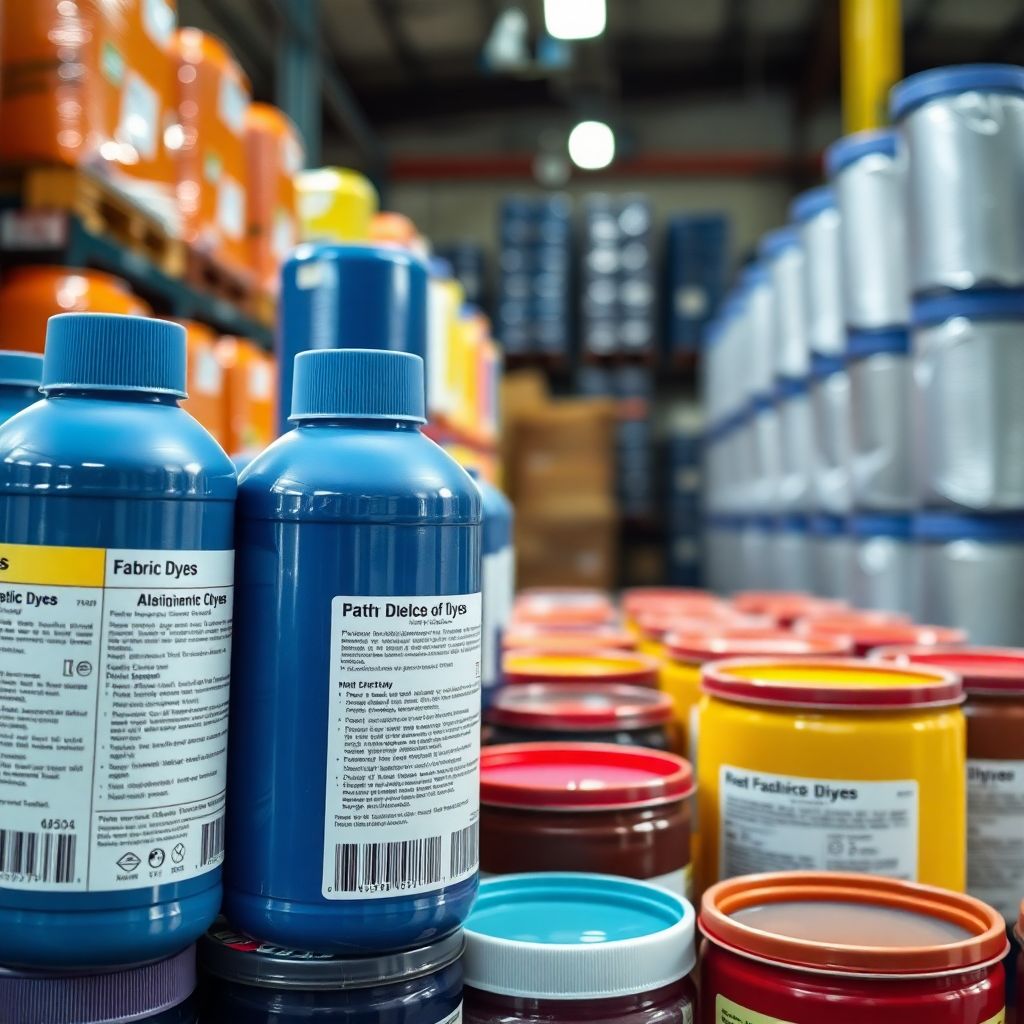 Colores Pintura para Teñir Ropa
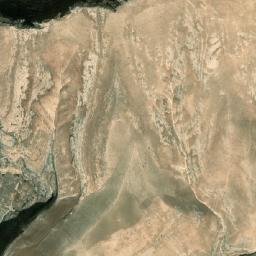 Satellite imagery of Kōtal-e Khōriyak, AF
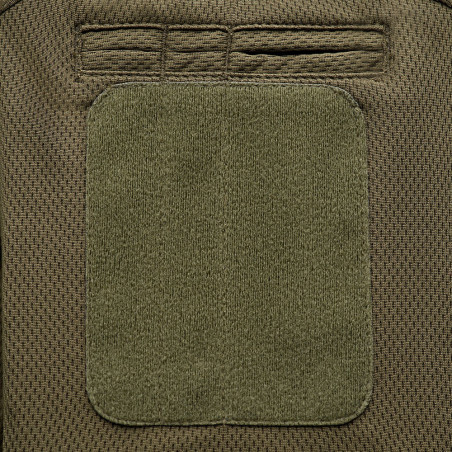 Koszulka polo Elite Tactical Coolmax 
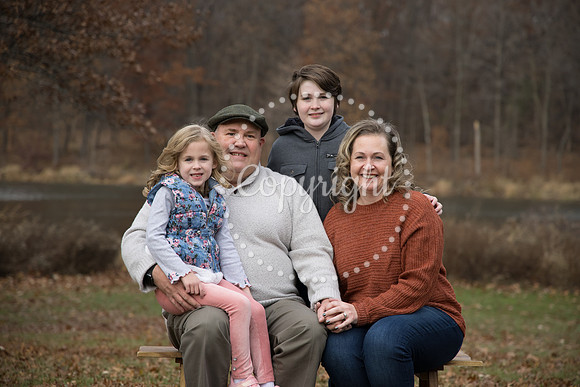 Kissane Family_4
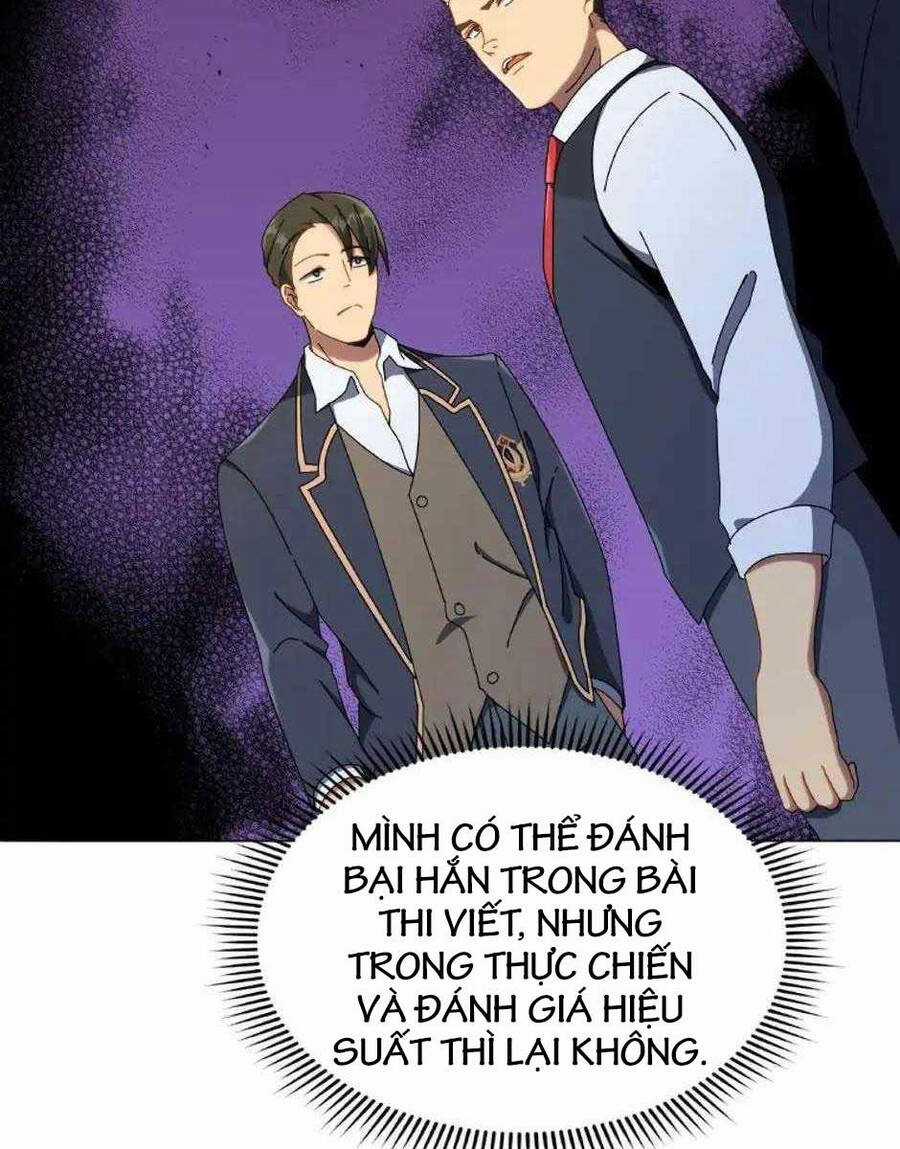 Tử Linh Sư Thiên Tài Của Học Viện Chương 26 trang 101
++++++
--- Work item ---
The entries above are to be copied exactly, with every picture left out.

--- Output for this task ---
 Colores Pintura para Teñir Ropa
 Satellite imagery of Kōtal-e Khōriyak, AF
 Koszulka polo Elite Tactical Coolmax 
 Kissane Family_4
 Tử Linh Sư Thiên Tài Của Học Viện Chương 26 trang 101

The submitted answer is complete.